• _Try it_: Please output every line of the material as it stands, without the pictures.

• _Raw data_:
━━━━━━━━━━━━━━━━
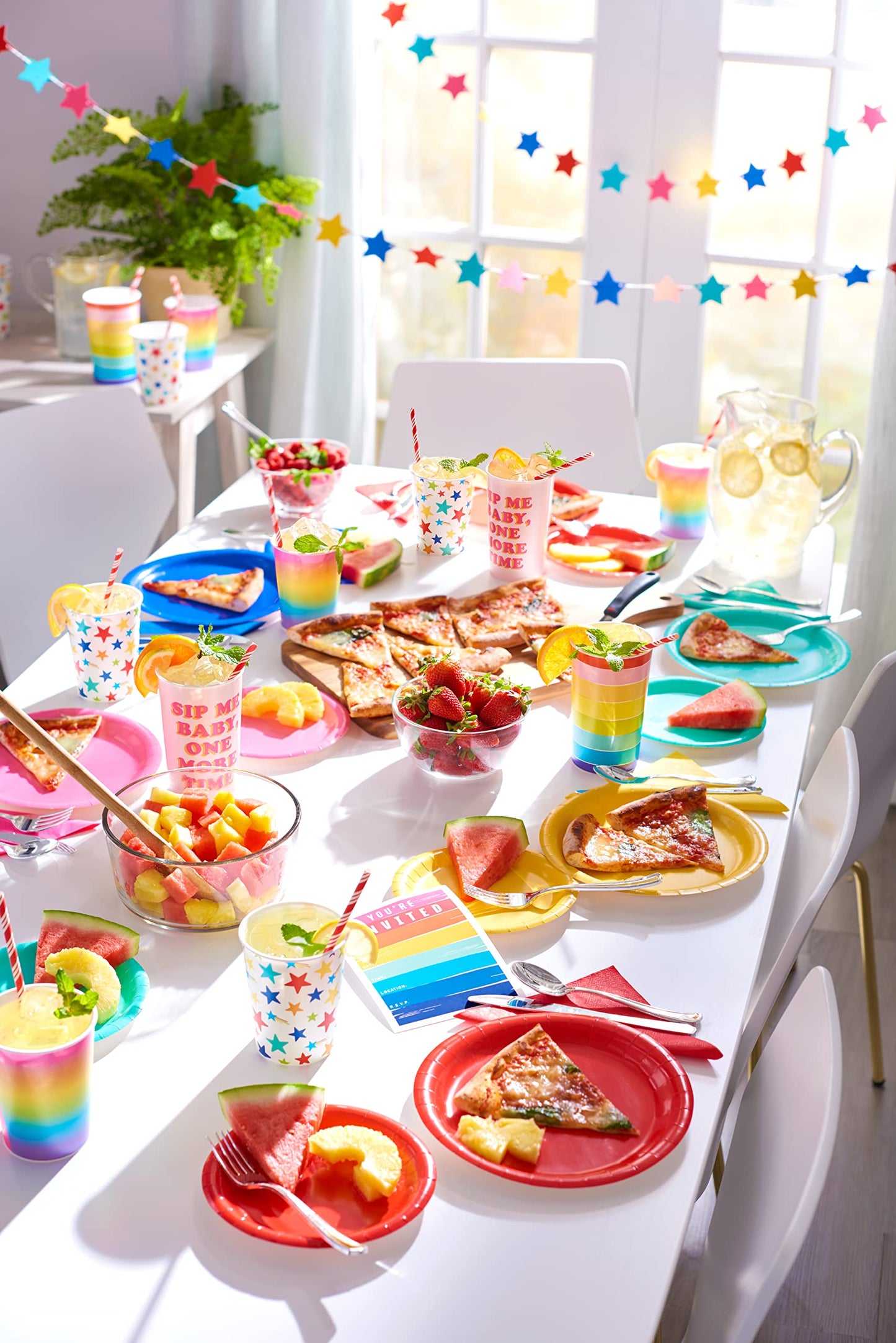 American Greetings Rainbow Party Supplies For Graduation, Birthdays And All Occasions, Multicolor Paper Dinner Plates (50-Count)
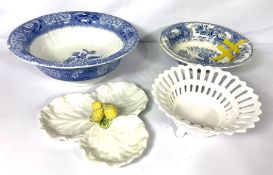 A mixed lot of ceramics, including a large blue and white wash bowl, a large bulbous blue and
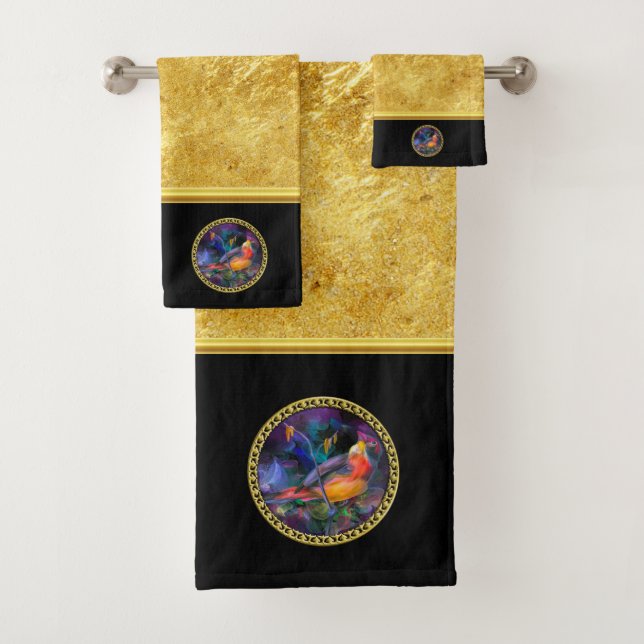 Oil painting yellow orange and purple sparrow bath towel set (Insitu)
━━━━━━━━━━━━━━━━
• _Exercise answer_:
 American Greetings Rainbow Party Supplies For Graduation, Birthdays And All Occasions, Multicolor Paper Dinner Plates (50-Count)
 A mixed lot of ceramics, including a large blue and white wash bowl, a large bulbous blue and
 Oil painting yellow orange and purple sparrow bath towel set (Insitu)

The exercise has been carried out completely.